Para Longo, não houve “redemocratização” após o fim da ditadura, simplesmente porque não existiu regime democrático antes, fosse no período monárquico, na República Velha ou mesmo após o fim do Estado Novo. “Tivemos democracia de 1946 a 1964, quando houve todas essas cassações denunciadas aqui hoje? Não tivemos”, disse. “A noite de hoje é importante para as novas gerações tomarem conhecimento de que no Brasil nunca houve democracia de fato para todos; neste País sempre reinou a opressão a todas as oposições”, criticou Longo durante a sessão.
Mozart Gomes/CMSP
Um dos exemplos das imperfeições do regime democrático brasileiro estava sentado à esquerda de Longo: Armando Pastrelli, 95 anos. Eleito vereador em 1947, teve o mandato cassado pelo Tribunal Superior Eleitoral (TSE). Quando tentou entrar na Câmara para ver a posse dos colegas, em 1º de janeiro de 1948, foi barrado na porta. Agora, Pastrelli estava de volta à Casa, presidindo a primeira metade da sessão de restituição de mandatos. “Eu me sinto muitíssimo honrado em ver que me fizeram justiça”, afirmou.

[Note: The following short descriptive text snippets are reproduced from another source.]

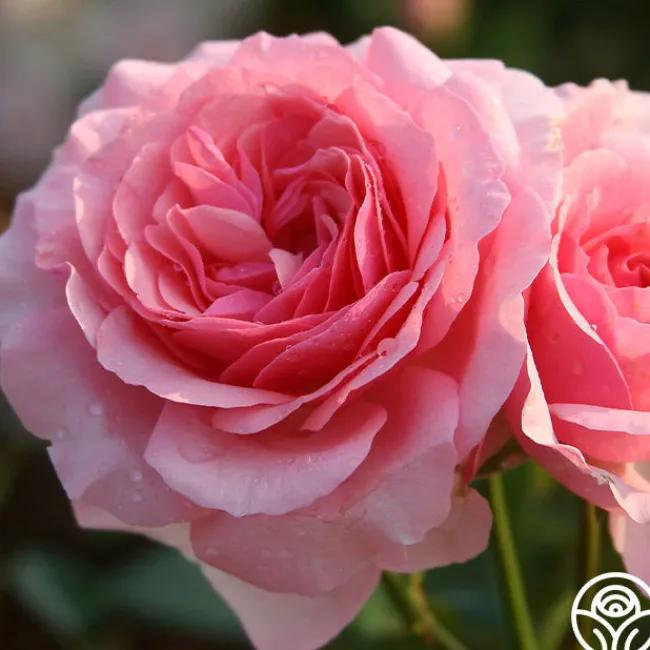 Thornbury Castle™>Heirloom Roses Online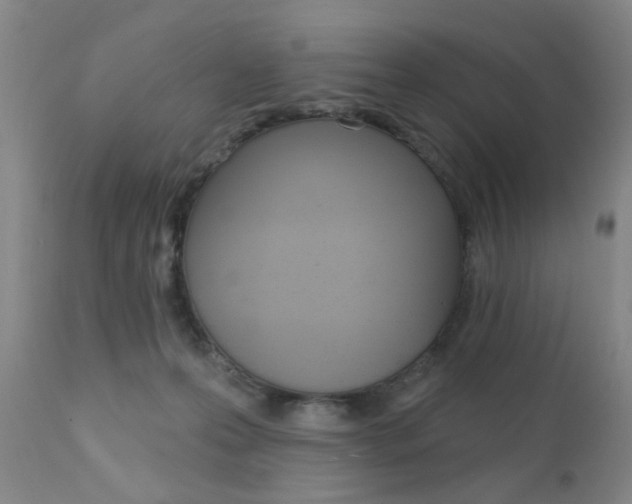 X0000111620223200907171112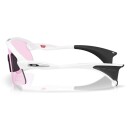 Oakley Stunt Devil S Matte White W/Prizm Low Light OS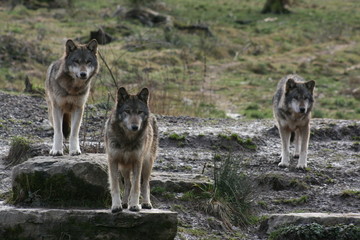 Fototapeta premium Loup gris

Em sua fala, Pastrelli lembrou que a cassação do mandato parlamentar foi apenas uma das várias perseguições que enfrentou. Por ter sido membro do clandestino Partido Comunista Brasileiro (PCB), passou a ser abordado o tempo todo pela polícia e enfrentou dificuldade até para arrumar emprego. Para fugir da perseguição, resolveu trabalhar no Amapá. Mesmo lá, foi alcançado pela chegada de um cartão de Natal enviado pelo líder comunista Luís Carlos Prestes, o qual despertou comentários de como Pastrelli seria “perigoso”. Cansado, abriu uma oficina para consertos de máquinas gráficas que, após alguns anos, tornou-se uma indústria bem-sucedida, transformando o antigo operário em patrão. “Fiquei ligado à burguesia, peguei idade e gozei um pouco dos benefícios que a riqueza traz”, relembrou.
Lembranças de família
Homenagens como esta permitem “reescrever a história”, afirmou o vereador Orlando Silva (PCdoB), ao lembrar que a comunista Elisa Kauffmann Abramovich, até então considerada uma candidata eleita e não empossada, agora passava a ser oficialmente reconhecida pela CMSP como a primeira vereadora em São Paulo. O parlamentar Gilberto Natalini (PV) disse que o evento ajudaria a lembrar a todos da necessidade de rejeitar soluções autoritárias para os problemas da política. “Só o aprofundamento da democracia pode consertar os erros da própria democracia”, afirmou.
Além de Longo e Pastrelli, únicos vivos entre os cassados, a cerimônia também contou com a participação das famílias dos antigos vereadores, que receberam diplomas simbólicos de restituição de mandato. “Meu avô ficaria feliz ao ver o reconhecimento da Câmara Municipal de São Paulo, a mais importante do País, num evento pró-democracia como este”, afirmou Luiz Antônio Marrey, procurador de Justiça do Ministério Público de São Paulo e neto de José Adriano Marrey Junior, vereador cassado em 1937, com o fechamento de todas as casas legislativas pelo Estado Novo.
“Foi feita justiça”, disse Sônia Maria Dias Carvalho Simões, viúva de Benone Simões, comunista cassado em 1947. “Meu marido dizia que havia lutado o bom combate, deixando suor e lágrimas. Nunca se arrependeu de nada.”
Outro filho de comunista cassado em 1947, Hermes Ubiratan Chade disse que o evento foi uma boa homenagem ao pai, Calil Chade, e às lembranças que deixou. “O que a vida dele passou para mim é que o mais importante é a luta pelos nossos sonhos e ideais”, recordou.